Ricorda un momento in particolare?

"Il primo lunedì di Pasqua che siamo rimasti chiusi c’erano i bambini al cancello che ci chiedevano perchè non potevano entrare. Ma non era possibile nemmeno una passeggiata. Anche agli animali sono mancate le voci dei bambini".

Come avete affrontato le spese?

"Per fortuna ce l’abbiamo fatta, anche grazie al grande sostegno che abbiamo ricevuto. E’ una economia complessa quella di chi vive al pubblico, era necessario contenere le spese, noi non potevamo spegnere le luci come un museo. Per fronteggiarle abbiamo dovuto accendere un mutuo che oggi paghiamo grazie ai nostri visitatori. Senza dimenticare gli altri problemi che riguardano tutti: la guerra, l’inflazione, l’esplosione dei costi dell’energia. Ce le ricordiamo bene le domeniche a piedi dei primi anni Settanta. Un altro aspetto fondamentale, che ci ha consentito di non perdere la fiducia, è stato il costante contatto internazionale con gli altri parchi importanti, un sostegno che fa ben sperare".

Ora è il momento di guardare avanti...

"Il primo obiettivo: rinforzare la vita all’aria aperta in un contesto naturalistico e affrontare le sfide del cambiamento climatico, specializzandosi sugli animali che hanno bisogno di noi e che rischiano l’estinzione nei paesi in cui vivono. Le richieste di aiuto sono sempre di più. Stiamo perdendo molte specie. E’ il momento di condividere questa urgenza sul verde e sugli animali. E’ il momento di invertire la rotta, la parola d’ordine è “Reverse the red“: invertire il rosso. La linea rossa rappresenta la lista degli animali in estinzione, e si allunga ogni anno. La popolazione dei pinguini africani si è dimezzata in venti anni. Occorrono tanti soldi ed energia per contare questi animali in natura".

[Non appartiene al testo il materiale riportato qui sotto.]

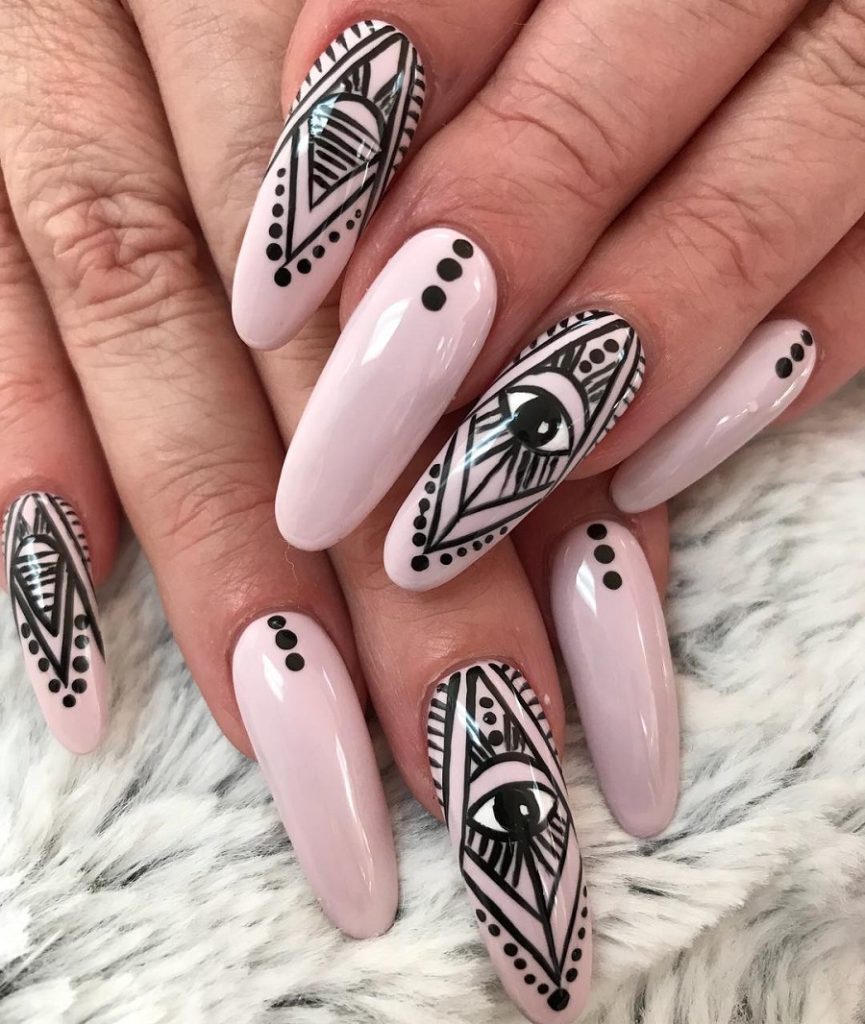 pink and black egyptian nails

Qual è il traguardo da raggiungere?

"Bisogna evitare che vadano su quella lista che certifica la nostra sconfitta, anche attraverso alleanze internazionali, e portarla verso il verde. Questo può avvenire anche attraverso lo sforzo congiunto di tanti Giardini. Cerchiamo di vedere se una specie a rischio può tornare a crescere anche con il nostro piccolo contributo. I nostri visitatori in questo ci aiutano moltissimo, anche con il sistema di adozione di una specie".

Qualche esempio?

"Concentriamo i nostri sforzi per i panda in Nepal e per i gibboni: ne sono rimaste poche decine in una piccola foresta tra la Cambogia e il Vietnam, serve un’azione per conservarli laggiù. Tutti i fondi che riceviamo li dedichiamo a una società di conservazione che opera là. Abbiamo ancora qualche anno di tempo. La biodiversità è un bene comune e importantissimo. Oggi le persone si sentono partecipi di un’azione importante. Ci sono equilibri che abbiamo alterato in modo irreversibile, cerchiamo di fare qualcosa".

Una buona notizia?

"Il cavallo di Przewalski: era estinto in natura. Gli ultimi venti esemplari furono portati in Europa all’inizio del Novecento. Sono tornati in Mongolia, da dove venivano. Noi abbiamo partecipato al progetto".